Alternatives Considered

Extend SettlementLedger for remote calls

Rejected. Remote settlement has different failure modes and latency than the local append-only ledger core. Mixing both into one synchronous trait would smear network concerns across the local settlement write path.

Reuse generic peer capability advertisement

Rejected for this phase. Advertisements are discovery-oriented and ephemeral, while capability passports are governance-oriented and signed for durable trust. The two artifacts serve different roles.

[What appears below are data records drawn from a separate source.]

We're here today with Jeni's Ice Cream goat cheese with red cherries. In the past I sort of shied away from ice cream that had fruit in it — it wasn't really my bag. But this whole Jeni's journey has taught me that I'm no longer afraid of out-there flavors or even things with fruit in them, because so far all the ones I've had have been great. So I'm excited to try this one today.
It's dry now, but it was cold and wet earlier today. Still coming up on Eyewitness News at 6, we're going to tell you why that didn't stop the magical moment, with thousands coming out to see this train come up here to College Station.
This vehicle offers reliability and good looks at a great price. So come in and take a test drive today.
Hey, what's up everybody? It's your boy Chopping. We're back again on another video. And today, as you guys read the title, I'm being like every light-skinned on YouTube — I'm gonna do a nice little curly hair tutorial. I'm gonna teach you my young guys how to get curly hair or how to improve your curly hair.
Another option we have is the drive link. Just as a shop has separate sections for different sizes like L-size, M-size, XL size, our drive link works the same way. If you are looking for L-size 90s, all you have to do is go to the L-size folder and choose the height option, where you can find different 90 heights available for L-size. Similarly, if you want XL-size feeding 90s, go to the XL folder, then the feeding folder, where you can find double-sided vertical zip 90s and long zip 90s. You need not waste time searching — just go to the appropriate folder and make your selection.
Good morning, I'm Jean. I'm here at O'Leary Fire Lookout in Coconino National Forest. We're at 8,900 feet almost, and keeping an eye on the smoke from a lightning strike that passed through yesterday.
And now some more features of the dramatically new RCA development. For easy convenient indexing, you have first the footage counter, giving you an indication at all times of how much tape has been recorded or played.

Trust remote infrastructure only by endpoint URL

Rejected. Endpoint-only trust is operationally weak and not portable. A signed passport ties capability delegation to canonical participant and Node identity.

Open Questions

  • Should future revocation use an append-only capability-passport-revocation fact or a short-lived denylist cache?
  • Should scope for network-ledger stay opaque longer, or should the first hard-MVP include explicit account namespace constraints?
  • Should future multi-sig issuance be modeled as multiple signatures on one passport or as a separate endorsement bundle?